Advancing Spatiotemporal Representations in Spiking Neural Networks via Parametic Invertible Transformation¶

Conference: ICLR 2026
OpenReview: https://openreview.net/forum?id=3JwNXQzxll
Code: https://github.com/YinsongYan/ICLR26
Area: Spiking Neural Networks / Neuromorphic Computing / Representation Learning
Keywords: Spiking Neural Networks, Parametric Invertible Transformation, Multi-bit Spikes, Surrogate Gradient, Neuromorphic Computing

TL;DR¶

Addressing the limited representation of binary spikes and surrogate gradient mismatch in Spiking Neural Networks (SNNs), this paper proposes Parametric Invertible Transformation (PIT). PIT applies conjugate invertible linear transformations before and after neuron firing: "rearranging" the membrane potential distribution into a quantization-friendly form before firing and "augmenting" integer spikes into spatiotemporal real-valued outputs after firing. This is coupled with a modified surrogate gradient that pushes inputs away from quantization decision boundaries. The method also characterizes SNN spatiotemporal representation capacity through linear algebra. Across CIFAR, ImageNet, and DVS datasets, various architectures achieved new SOTA results (e.g., SEW ResNet34 improved by 5.62%).

Background & Motivation¶

Background: SNNs utilize asynchronous binary spike communication, converting dense multiply-accumulate (MAC) operations into sparse accumulations (AC). Combined with event-driven computation (triggered only upon spike reception), SNNs are naturally low-power and suitable for resource-constrained real-time scenarios. Mainstream training relies on BPTT combined with surrogate gradients. Strategies for enhancing representation include complex neuron dynamics, normalization, multi-bit spikes, attention mechanisms, and spike-driven transformers.
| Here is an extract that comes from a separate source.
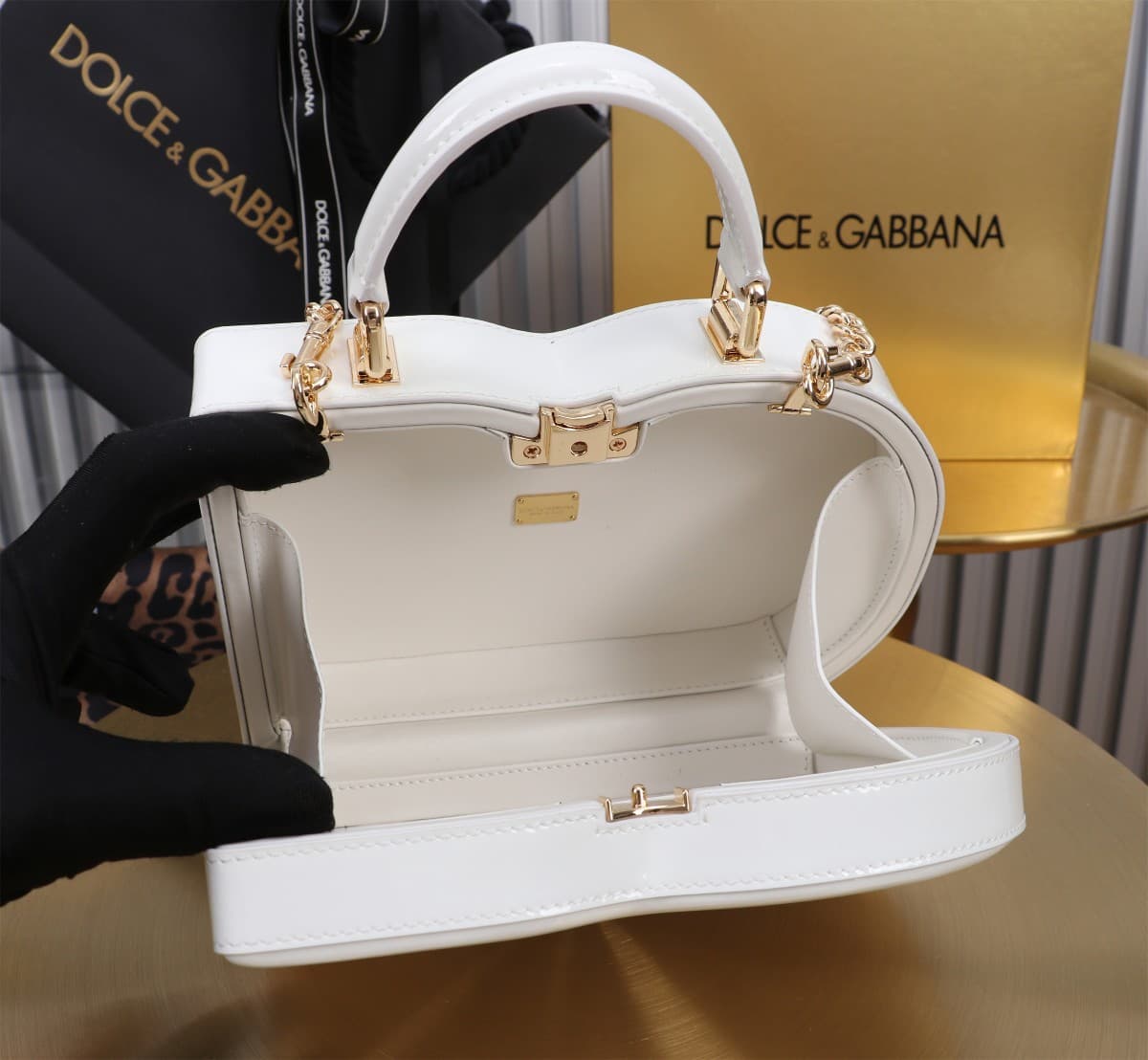 Dolce & Gabbana white patent leather DG Logo handbag high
Limitations of Prior Work: Two fundamental constraints remain unresolved. First, the low-precision representation of binary spikes causes inherent information loss—compressing full-precision membrane potential \(u\) via a firing operator \(g(\cdot)\) into \(\{0,1\}\) spikes leads to significant accuracy drops in complex data flows. Prior works mostly insert learnable parameters or multi-compartment structures into neuron dynamics "before firing," which adds complexity but does not truly expand the output space, resulting in limited reduction of information loss. Second, integer-spike neurons commonly use clipped rectangular surrogate gradients (similar to STE, using the identity function as the derivative of the round operator), which causes gradient mismatch. This leads to outputs oscillating between adjacent quantized states during training, hindering convergence to a well-generalized solution.

Key Challenge: Representation capacity and training stability must be addressed simultaneously. Improving only the pre-firing dynamics fails to expand the output space; merely changing the surrogate gradient fails to suppress quantization errors. Furthermore, the temporal dynamics of SNNs require "time-varying and spatially heterogeneous" processing, making "spatiotemporal homogeneous" strategies from traditional quantization literature unsuitable.

Goal: (1) Truly expand the spatiotemporal representation space of SNNs without destroying the spike-driven, event-driven inference paradigm; (2) Design a stable surrogate gradient for integer spikes; (3) Propose a measurable theoretical framework for "how much space an SNN can represent."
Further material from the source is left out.